La mayor parte de los ciudadanos verían bien que España tuviera más industria, mientras que las clases profesionales gestoras se opondrían
Así ocurre en España también, aunque aquí no ha habido una apuesta política decidida por la industrialización por parte de ninguna formación. Los progresistas han apuntado, en la línea de Biden, hacia la industria verde, y los conservadores solo se han manifestado contrarios a las importaciones de Marruecos. Es probable que en España exista la misma línea divisoria que en otros países occidentales: la mayor parte de los ciudadanos verían bien que España tuviera más (o mucha más) industria, mientras que las clases profesionales gestoras estarían en contra.
La reindustrialización es importante políticamente en dos sentidos. En un tiempo en el que el nivel de vida es declinante, es una promesa que puede calar en las clases con menos recursos, pero también en muchos territorios interiores. En España, las provincias que se sienten perdedoras verían bien un impulso industrial vigoroso, porque supondría un camino de salida a su declive.
En segunda instancia, en un momento internacional en el que el orden global ha saltado por los aires y regresan los imperios, la urgencia de contar con capacidades propias es acuciante. Depender tan intensamente del exterior es un problema que España y Europa están sufriendo de continuo.
Ambos aspectos aconsejarían que la industria fuera tomada mucho más en serio por los partidos políticos, en lugar de reducir todo a la mera lucha de los trumpistas contra el orden liberal del libre comercio. Los elementos estratégicos son relevantes en esta época, tanto en lo que se refiere a la cohesión social como a las fortalezas nacionales y comunitarias. Ignorar todo eso a costa de querer preservar un sistema liberal, el que se está yendo, que ha perjudicado a las clases medias y a las trabajadoras occidentales no es buena idea.
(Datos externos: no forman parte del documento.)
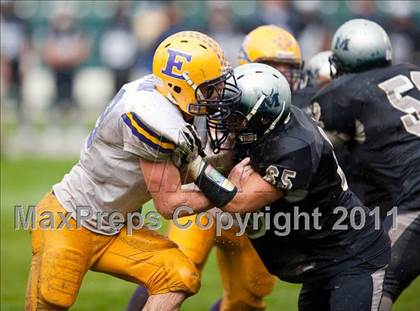 Thumbnail 3 in Madison vs. Escalon (CIF State D3 Final) photogallery.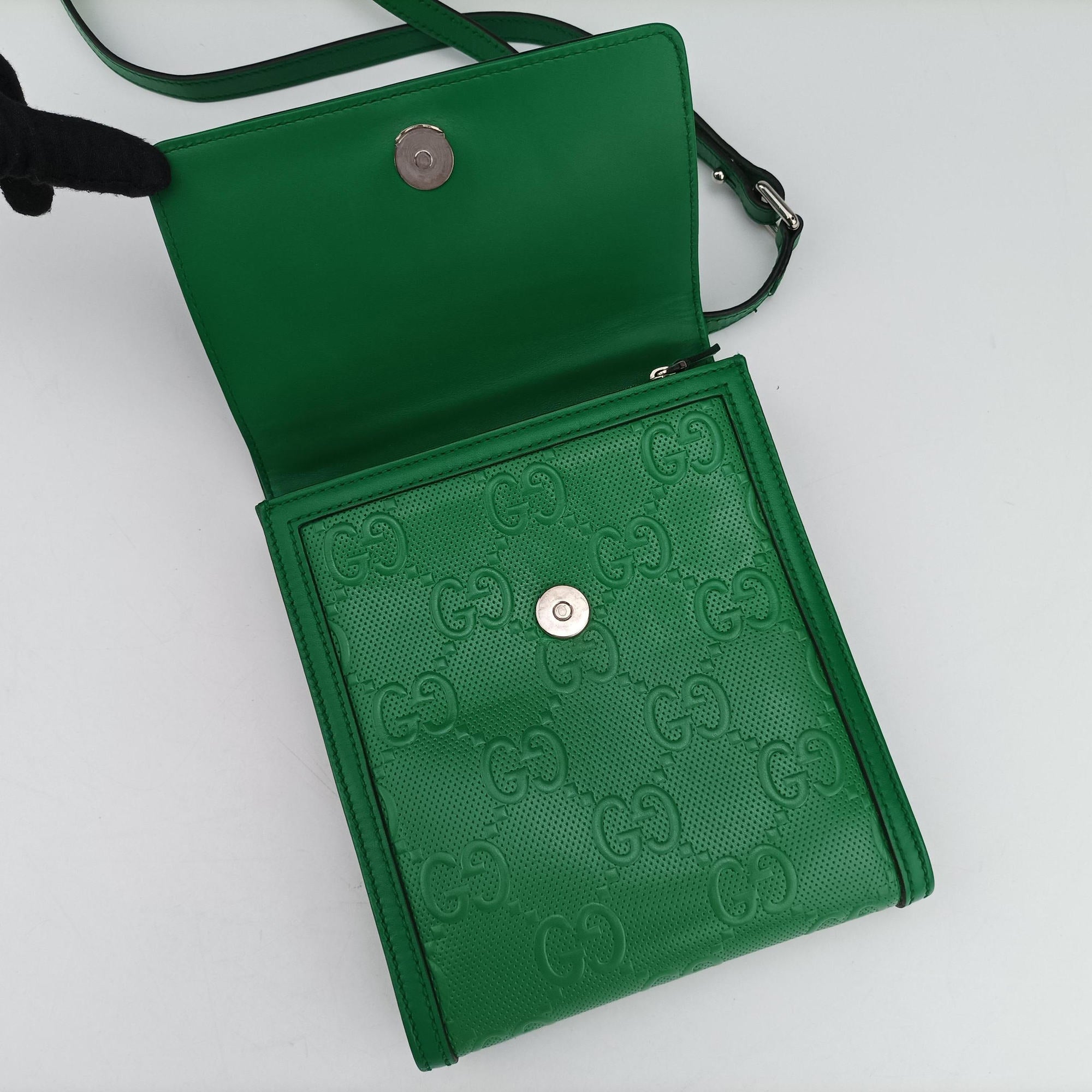 GG Embossed Messenger Bag Green Leather 625782 D033107394GGエンボス メッセンジャー グリーン レザー 625782 D033107394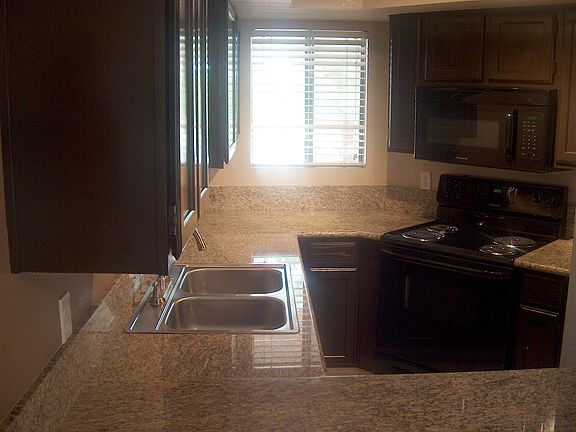 5th image of 835 N Granite Reef Rd Unit 21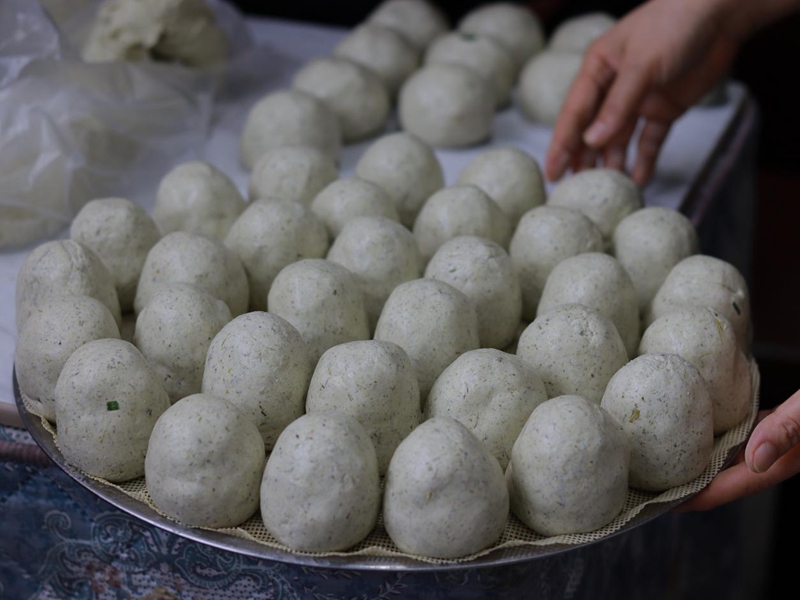 貴州德江:清明粑香飄市場 傳統(tǒng)小吃促增收(2)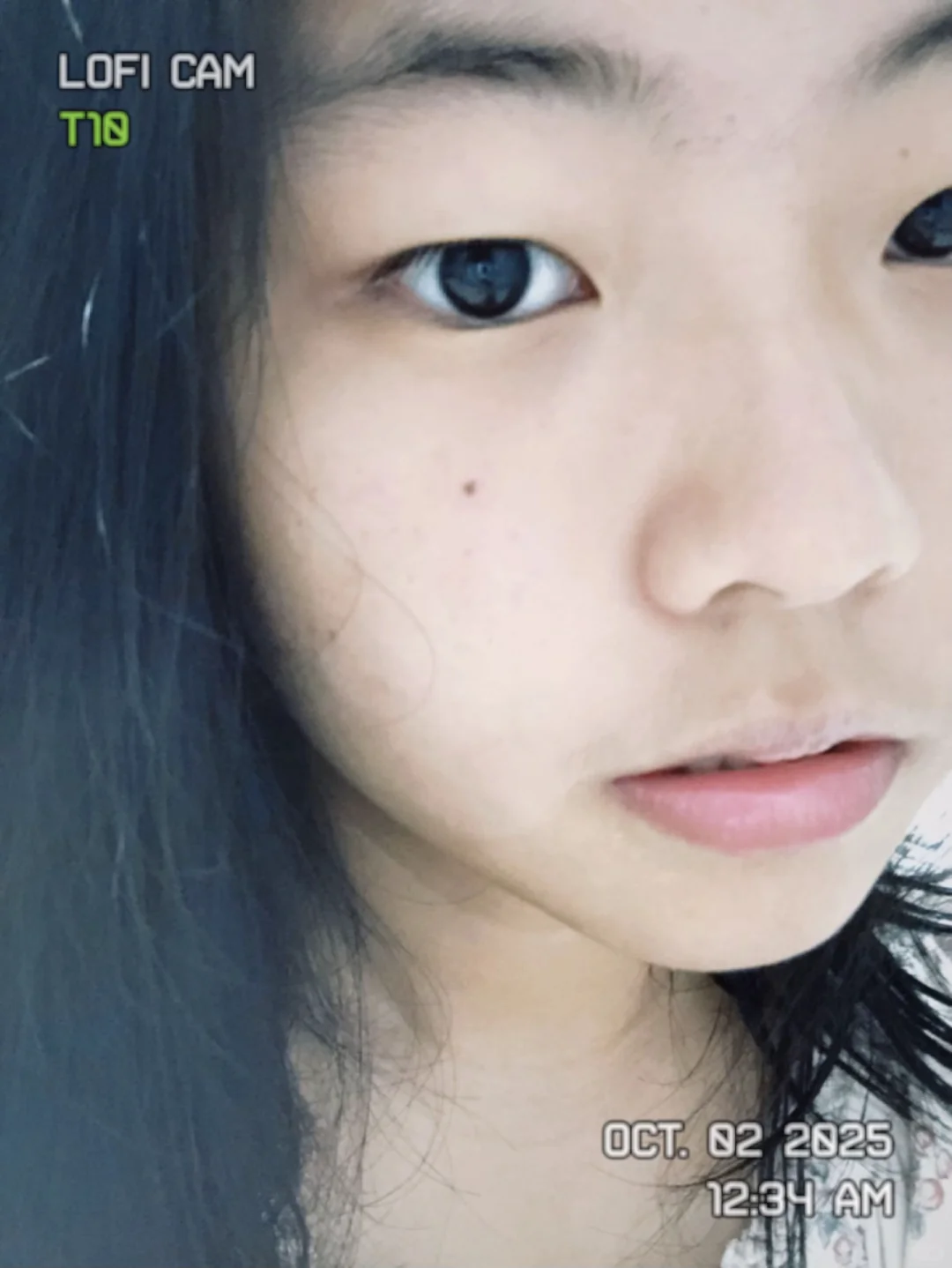 害羞内敛文静小女孩🐣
Quizá lo más importante en el asunto de la reindustrialización no tenga que ver con el hecho de que Trump logre o no ese propósito (si es que, en última instancia, eso es lo que pretende), sino con la activación política de poblaciones que aspiran a un nivel de vida mejor y a salir del circuito de trabajos mal pagados y con malas condiciones en el que muchos de ellos viven. Han comenzado a desafiar al statu quo de las décadas recientes preguntándose por qué los empleos mejor retribuidos se fueron a otros países, y una vez que esa impugnación se activa es difícil de detener. Trump movilizó a ese tipo de electores gracias a una promesa de mejora; los demócratas apostaron por la defensa del orden económico vigente y por resguardar la democracia de las tentaciones autoritarias, y es en lo que siguen. Convendría entender que la reindustrialización no es más que el símbolo de la exigencia de un cambio en las políticas económicas, y la opción política que sepa ofrecerlo de manera convincente tendrá mucho ganado. Más allá de los aranceles, el humor social está cambiando entre las poblaciones occidentales y este es un hecho muy relevante para el futuro europeo.